## ACTIVITY
Would you restate the data exactly as given?
(Beginning of PROVIDED RECORDS)
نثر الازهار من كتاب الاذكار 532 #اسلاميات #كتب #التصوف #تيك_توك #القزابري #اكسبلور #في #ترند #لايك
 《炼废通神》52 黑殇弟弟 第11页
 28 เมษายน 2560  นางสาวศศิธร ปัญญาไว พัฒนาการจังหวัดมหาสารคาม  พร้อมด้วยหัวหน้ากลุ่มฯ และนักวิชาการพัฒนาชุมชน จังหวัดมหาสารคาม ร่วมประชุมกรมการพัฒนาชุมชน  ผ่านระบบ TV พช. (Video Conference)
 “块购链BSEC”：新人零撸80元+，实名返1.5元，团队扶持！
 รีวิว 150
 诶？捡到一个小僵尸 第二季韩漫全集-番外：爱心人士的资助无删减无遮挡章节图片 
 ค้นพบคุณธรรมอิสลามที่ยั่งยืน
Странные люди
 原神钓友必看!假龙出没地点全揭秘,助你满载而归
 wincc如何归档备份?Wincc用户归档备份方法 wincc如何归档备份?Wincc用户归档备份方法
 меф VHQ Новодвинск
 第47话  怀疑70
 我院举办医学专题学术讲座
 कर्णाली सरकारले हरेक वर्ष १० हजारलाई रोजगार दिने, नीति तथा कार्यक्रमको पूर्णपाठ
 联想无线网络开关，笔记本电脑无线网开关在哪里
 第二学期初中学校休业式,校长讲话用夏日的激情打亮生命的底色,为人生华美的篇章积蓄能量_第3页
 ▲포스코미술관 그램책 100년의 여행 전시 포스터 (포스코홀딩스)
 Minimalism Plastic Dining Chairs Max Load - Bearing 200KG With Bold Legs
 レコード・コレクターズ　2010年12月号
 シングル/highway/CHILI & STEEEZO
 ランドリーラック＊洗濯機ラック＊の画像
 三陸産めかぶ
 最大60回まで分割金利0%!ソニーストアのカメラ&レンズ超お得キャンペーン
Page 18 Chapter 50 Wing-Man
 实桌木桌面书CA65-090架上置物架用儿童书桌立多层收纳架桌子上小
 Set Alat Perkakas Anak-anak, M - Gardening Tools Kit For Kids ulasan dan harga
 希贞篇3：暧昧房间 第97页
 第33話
(End of PROVIDED RECORDS)
## ANSWER SECTION
نثر الازهار من كتاب الاذكار 532 #اسلاميات #كتب #التصوف #تيك_توك #القزابري #اكسبلور #في #ترند #لايك
 《炼废通神》52 黑殇弟弟 第11页
 28 เมษายน 2560  นางสาวศศิธร ปัญญาไว พัฒนาการจังหวัดมหาสารคาม  พร้อมด้วยหัวหน้ากลุ่มฯ และนักวิชาการพัฒนาชุมชน จังหวัดมหาสารคาม ร่วมประชุมกรมการพัฒนาชุมชน  ผ่านระบบ TV พช. (Video Conference)
 “块购链BSEC”：新人零撸80元+，实名返1.5元，团队扶持！
 รีวิว 150
 诶？捡到一个小僵尸 第二季韩漫全集-番外：爱心人士的资助无删减无遮挡章节图片 
 ค้นพบคุณธรรมอิสลามที่ยั่งยืน
Странные люди
 原神钓友必看!假龙出没地点全揭秘,助你满载而归
 wincc如何归档备份?Wincc用户归档备份方法 wincc如何归档备份?Wincc用户归档备份方法
 меф VHQ Новодвинск
 第47话  怀疑70
 我院举办医学专题学术讲座
 कर्णाली सरकारले हरेक वर्ष १० हजारलाई रोजगार दिने, नीति तथा कार्यक्रमको पूर्णपाठ
 联想无线网络开关，笔记本电脑无线网开关在哪里
 第二学期初中学校休业式,校长讲话用夏日的激情打亮生命的底色,为人生华美的篇章积蓄能量_第3页
 ▲포스코미술관 그램책 100년의 여행 전시 포스터 (포스코홀딩스)
 Minimalism Plastic Dining Chairs Max Load - Bearing 200KG With Bold Legs
 レコード・コレクターズ　2010年12月号
 シングル/highway/CHILI & STEEEZO
 ランドリーラック＊洗濯機ラック＊の画像
 三陸産めかぶ
 最大60回まで分割金利0%!ソニーストアのカメラ&レンズ超お得キャンペーン
Page 18 Chapter 50 Wing-Man
 实桌木桌面书CA65-090架上置物架用儿童书桌立多层收纳架桌子上小
 Set Alat Perkakas Anak-anak, M - Gardening Tools Kit For Kids ulasan dan harga
 希贞篇3：暧昧房间 第97页
 第33話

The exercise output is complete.